EU hits back at Trump's threat against Spanish trade

The EU has hit back at Donald Trump’s threats to halt all trade with Spain over its decision not to allow the US use its military bases for Iran bombing missions.

The EU said it expected the US president to “honour” its bloc-wide tariff deal concluded last year but hinted at the possibility of retaliatory measures if Trump did isolate Spain in a revenge move.

“The Commission will ensure that the interests of the European Union are fully protected. We stand in full solidarity with all Member States and all its citizens and, through our common trade policy, stand ready to act if necessary to safeguard EU interests,” said trade spokesperson Olof Gill, adding:

“Trade between the European Union and the United States is deeply integrated and mutually beneficial.

“Safeguarding this relationship, particularly at a time of global disruption, is more important than ever and clearly in the interest of both sides.

“The EU and the United States concluded a major trade deal last year. The European Commission expects the United States to fully honour the commitments” undertaken in the joint statement of last August.

The EU is continuing to honour its part of that deal, allow many US goods into the bloc tariff free, even though the US supreme court ruled Trump’s 15% tariffs on EU goods were illegal.

The Resolution Foundation are presenting the findings of their analysis of yesterday’s spring statement now – it’s being streamed here.

Resolution’s CEO, Ruth Curtice, starts by saying it was not a usual forecast, explaining:

We had no new policy announcements from the chancellor. We certainly had no rabbits out of the hat. We had no red box. We had no red book from the Treasury, and I can confirm that the Two Chairmen pub, where the Treasury tend to gather afterwards, was also much quieter than usual.

Curtice adds that the “quite surreal” statement from the chancellor was overshadowed by world events, but there are three reasons to care about it.

  1. This was an attempt from the Chancellor to shift how fiscal policy is done in the UK, moving to just one fiscal event in the autumn,

  2. The OBR’s latest assessment of the economy shows the underlying trends in the economy, even if things are about to change. And there was a “reasonable improvement” in the fiscal position.

  3. Then the Chancellor did spend some money. It’s just that she already told us she was going to spend it (including on Send support)

The market turmoil hasn’t prevented a UK autonomous vehicle software company winning new funding.

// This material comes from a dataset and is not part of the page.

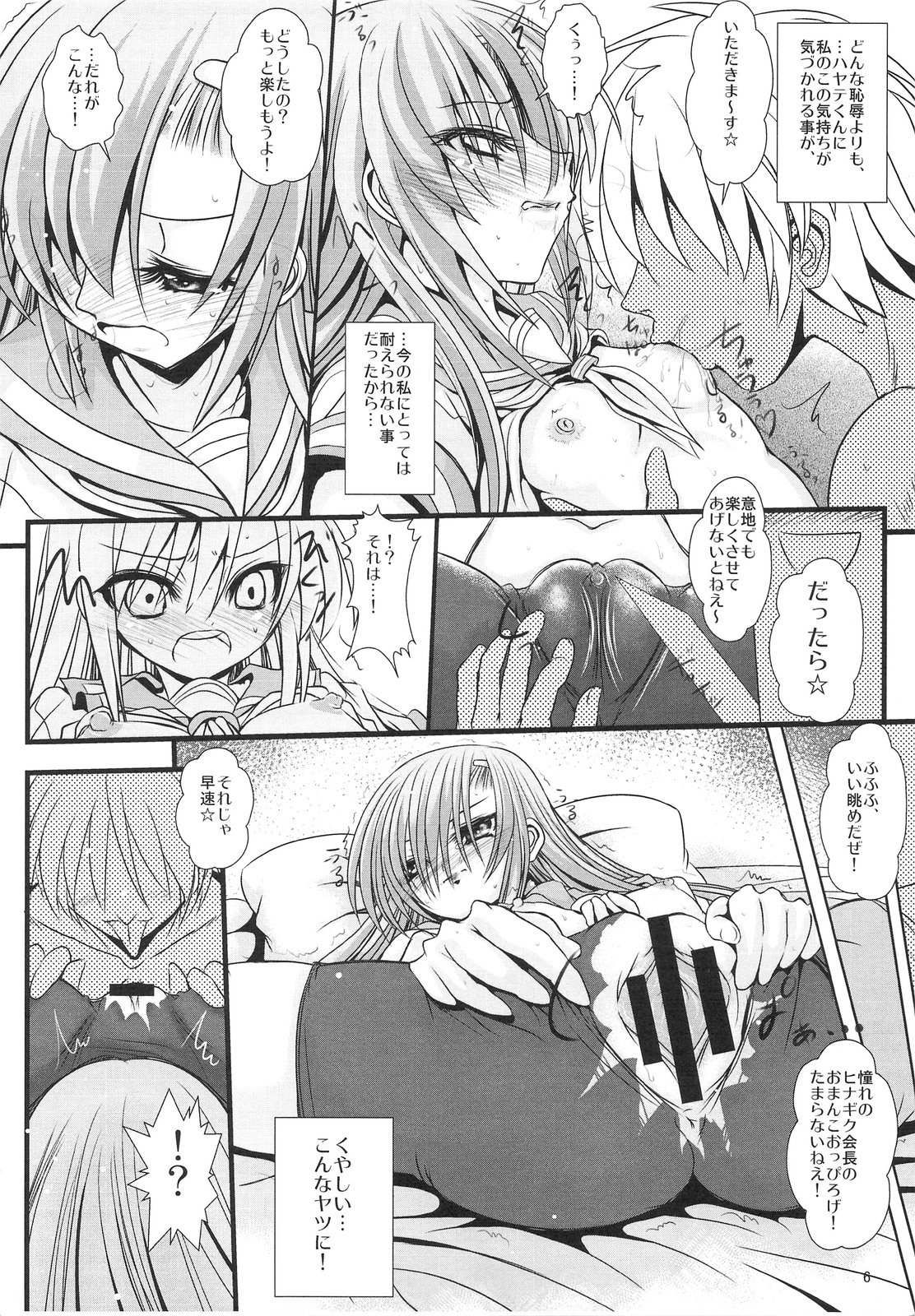 (COMIC1☆3) [Rikudou Juku (Ai ha muteki)] Ochita Hina Chiru Rangiku (Hayate no Gotoku! [Hayate the Combat Butler!]) page 5 full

Oxa, based in Oxford, has raised $103m (£77m) – including $50m (£37m) from the UK’s National Wealth Fund.

Oxa plans to use the funds to develop Industrial Mobility Automation, and its physical AI and robotics technology, as well as pushing on with its global expansion plans.

UK minister for industry, Chris McDonald, said:

“Oxa is a great example of UK excellence in digital technologies that are transforming the global automotive sector, and this investment will boost productivity and improve freight efficiency at home and abroad.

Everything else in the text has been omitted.